Branded. Abi Ketner and Missy Kalicicki. 2013. abiandmissy. 295 pages. [Source: Review Copy; E-Book format.]
Think dystopian romances are getting cliched? I mean, come on, I did too, first couple pages into Branded. But Branded really pulled me in and kept my heart racing until the very end, and surprised me with twists and turns I hadn’t exactly encountered before in this mixed genre. Written by two tight-knit best friends, Branded, a young adult dystopian romance, is a fast paced, shocking story of forbidden love, struggle, and perseverance.
Fifty years ago the Commander came into power and murdered all who opposed him. In his warped mind, the seven deadly sins were the downfall of society. He created the Hole where sinners are branded according to their sins and might survive a few years. At best.

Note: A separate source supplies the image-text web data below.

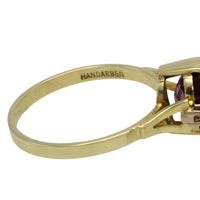 Vintage garnet and diamond ring in 14 carat gold-Vintage Rings-The Antique Ring Shop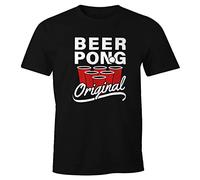 MoonWorks Herren T-Shirt Beer Pong Original Bier Fun-Shirt schwarz M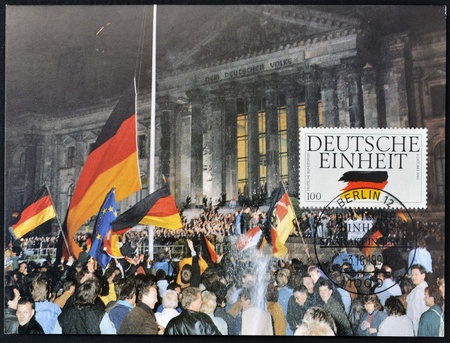 GERMANY - CIRCA 1990  A postcard printed in Germany dedicated to German Reunification, circa 1990 のeditorial素材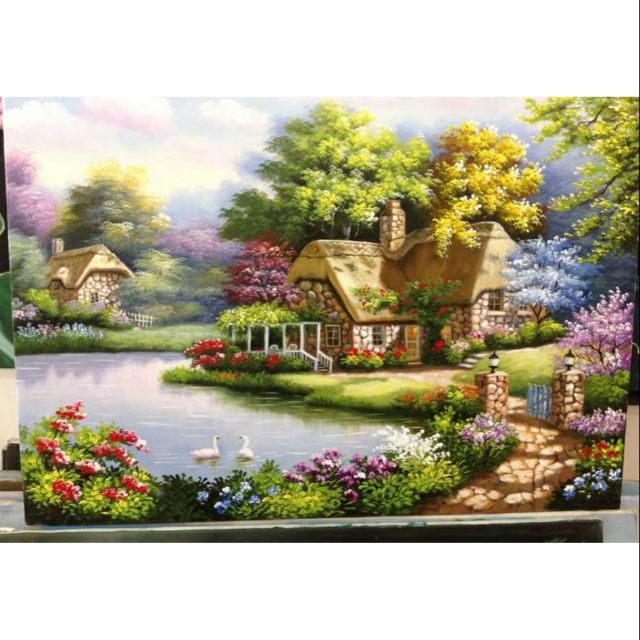 Phong cảnh châu âu sơn dầu vẽ tay khổ 60x90 giá rẻ dã bao gồm cả khung. Sdt zalo shop 0973074442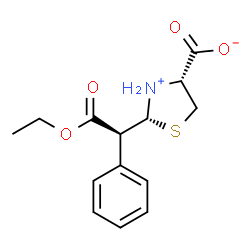 ChemSpider 2D Image | (2R,4R)-2-[(1S)-2-Ethoxy-2-oxo-1-phenylethyl]-1,3-thiazolidin-3-ium-4-carboxylate | C14H17NO4S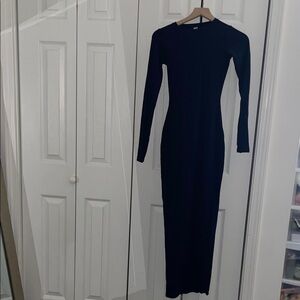 SKIMS Navy Blue Long Sleeve Maxi Dress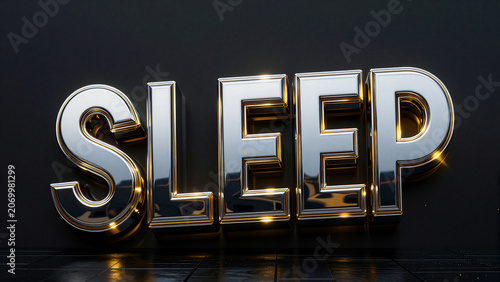 Bold 3D Metallic Silver Sleep Text for Modern Lifestyle Wellness and Bedroom Interior Design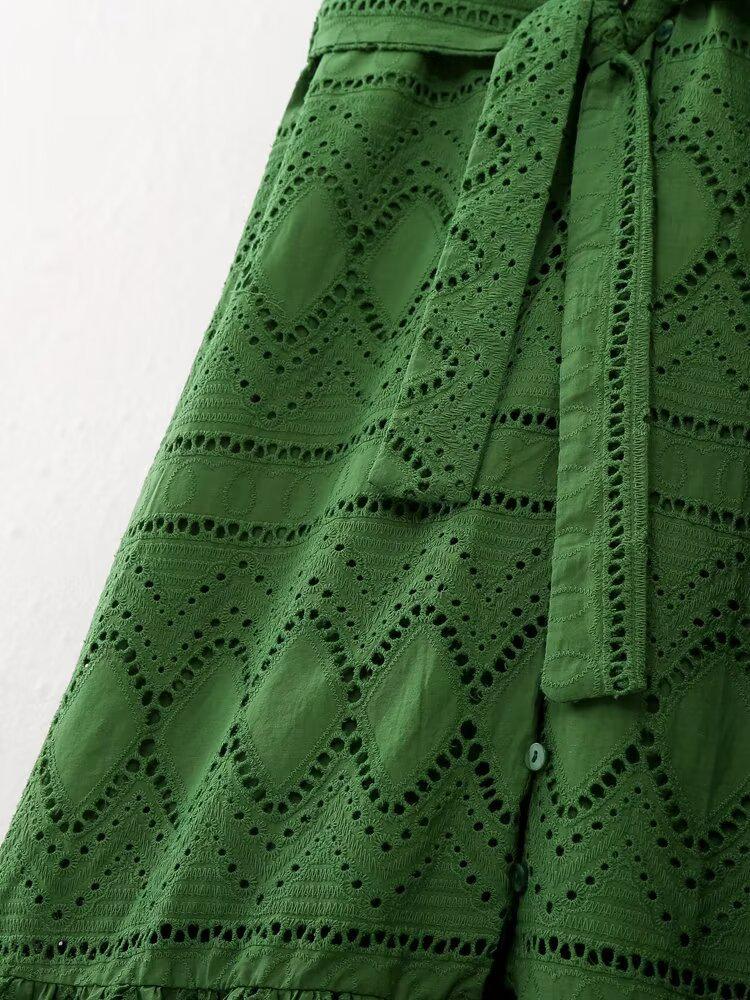 Spring Collection: Women's European & American Holiday Embroidered Shirt Dress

Now LUST wraps around my neck like blue fingers strangling me. I’ve been accused of a crime I didn’t commit and now the Hole is my new home.

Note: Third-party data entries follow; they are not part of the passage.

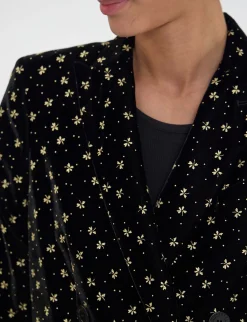 Ezio jacket in black smooth velvet with gold print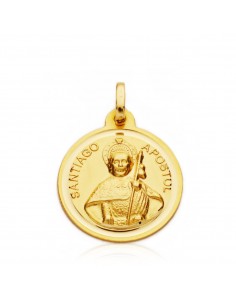 18K MEDALLA ORO AMARILLO SANTIAGO APOSTOL 22 MM BISEL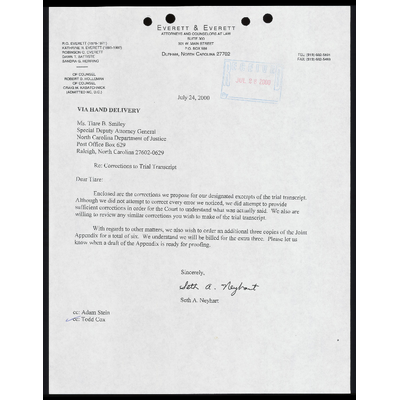 Letter to Smiley from Neyhart RE: Corrections to Trial Transcript preview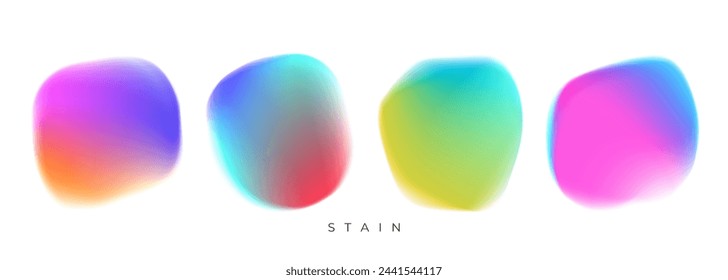 Set of blurred color stains. Bright color gradients. Vibrant defocused shapes for creative graphic design. Vector illustration.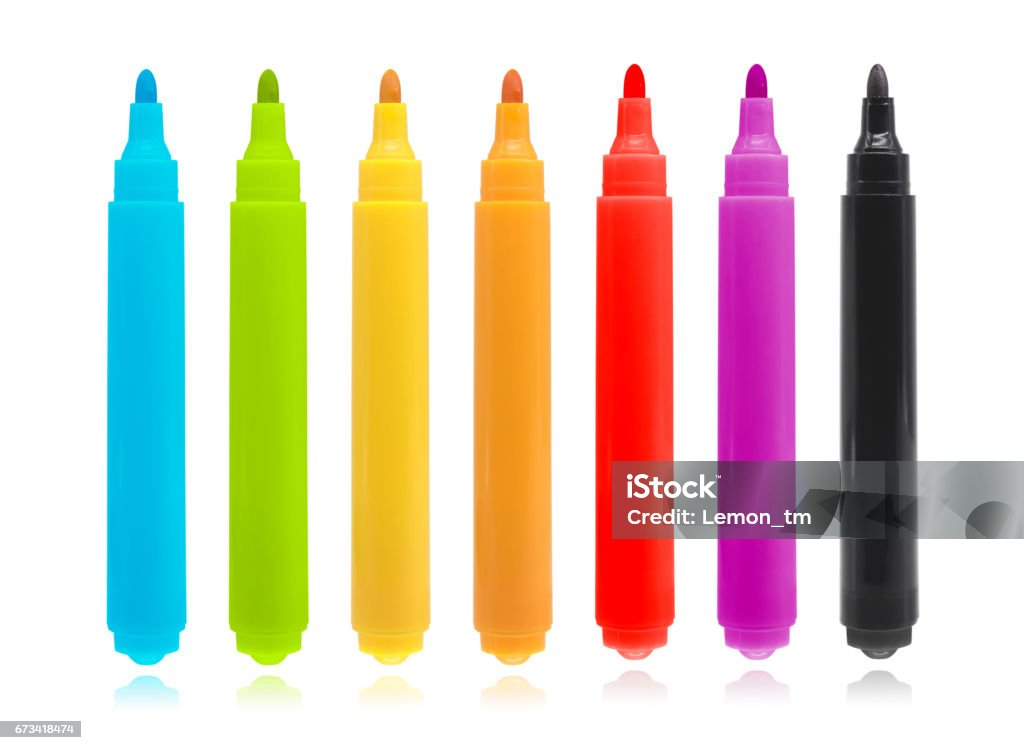 Colorful marker pen set on isolated background with clipping path. Pen Stock Photo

Darkness. Death. Violence. Pain.
Now every day is a fight for survival. But I won’t die. I won’t let them win.
The Hole can’t keep me. The Hole can’t break me. I am more than my brand. I’m a fighter.

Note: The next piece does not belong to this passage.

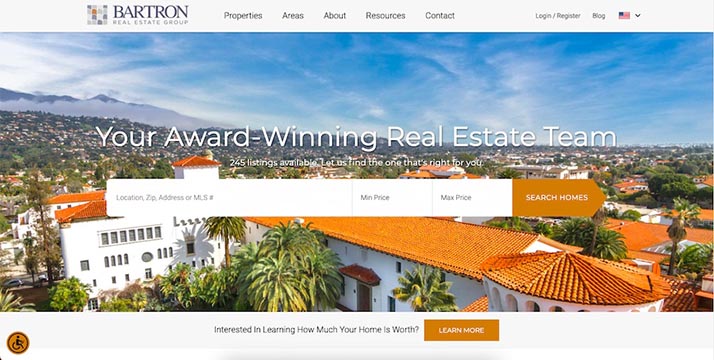 The home page of Santa Barbara Homes' website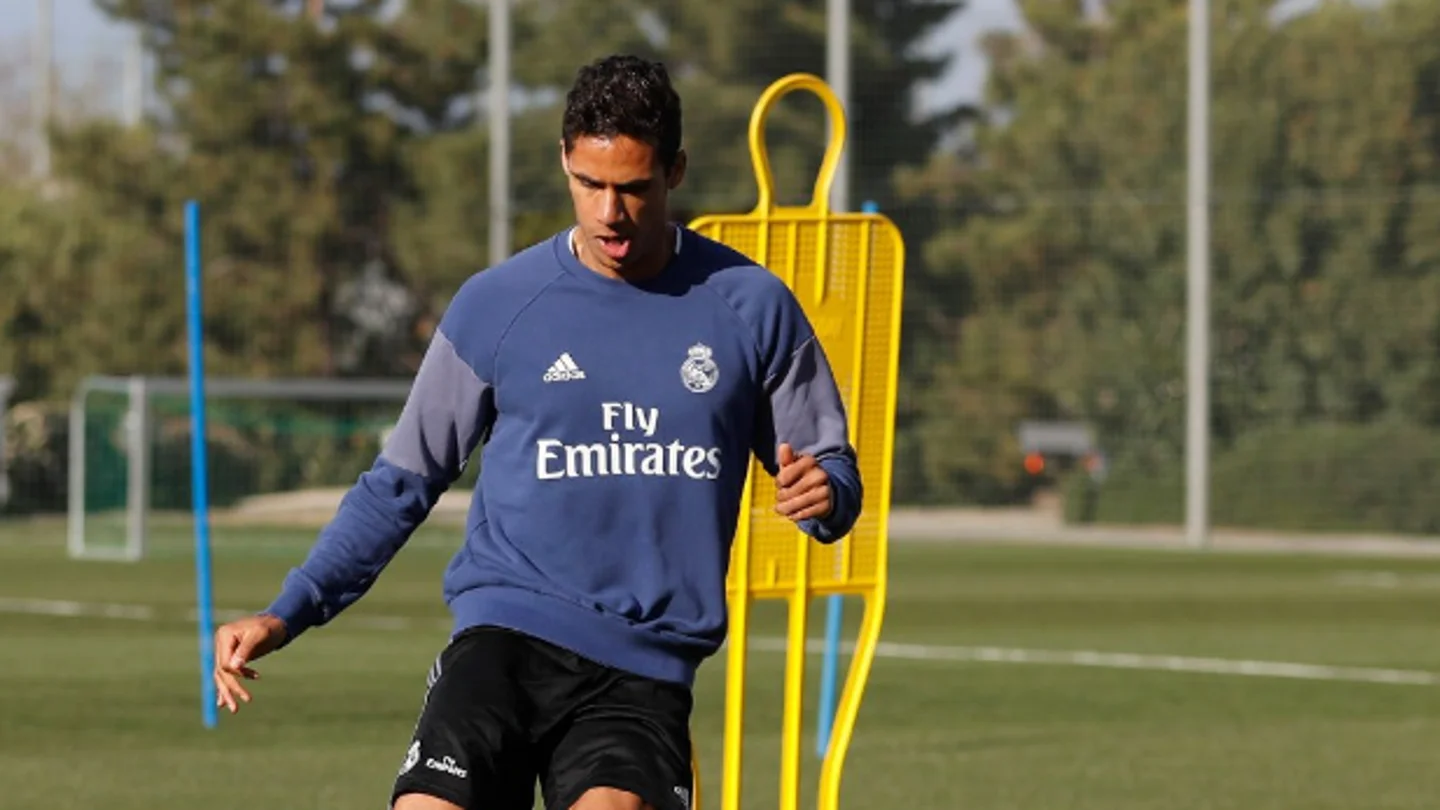 Raphael Varane, en su entrenamiento en Valdebebas. Raphael Varane, en su entrenamiento en Valdebebas.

My name is Lexi Hamilton, and this is my story.
Lexi, a girl who’s been wrongly accused of having committed one of the deadly sins, is sent to the Hole and branded blue, where sinners – both innocent and guilty – are to live. Assigned to protect her is the guard Cole, who appears cold and sometimes harsh. The story further goes on to delve deep into Lexi’s past and find out why exactly she’s been sent to the hole, and a revelation as to who the true perpetrator behind all evil really is, a question which isn’t so easily answered.
I turn on the faucet for a long while only to discover ice-cold water rushing out. The water never warms and I begin to understand. The Commander thinks he can wash away my soul by freezing me to death. He thinks he can destroy me by stripping away my possessions. But he can’t and I won’t let him take my memories, my ambition, and my pride.
He thinks I’m so easily broken.
The Commander doesn’t know anything about me, what I grew up with, what I endured—the father I lost, the mother I hate, the brother who walked out of my life, and the stepfather I was forced to accept. He thinks since I was rich, making me poor will cause me to give up. What he doesn’t understand is that, after my father passed away, I grew up behind walls of hatred. I had nothing, but had everything at the same time. I owned expensive clothes, enjoyed good schooling, and lived in a nice home. But my body was just a shell protecting an empty, desperate heart. My life was a colorful façade.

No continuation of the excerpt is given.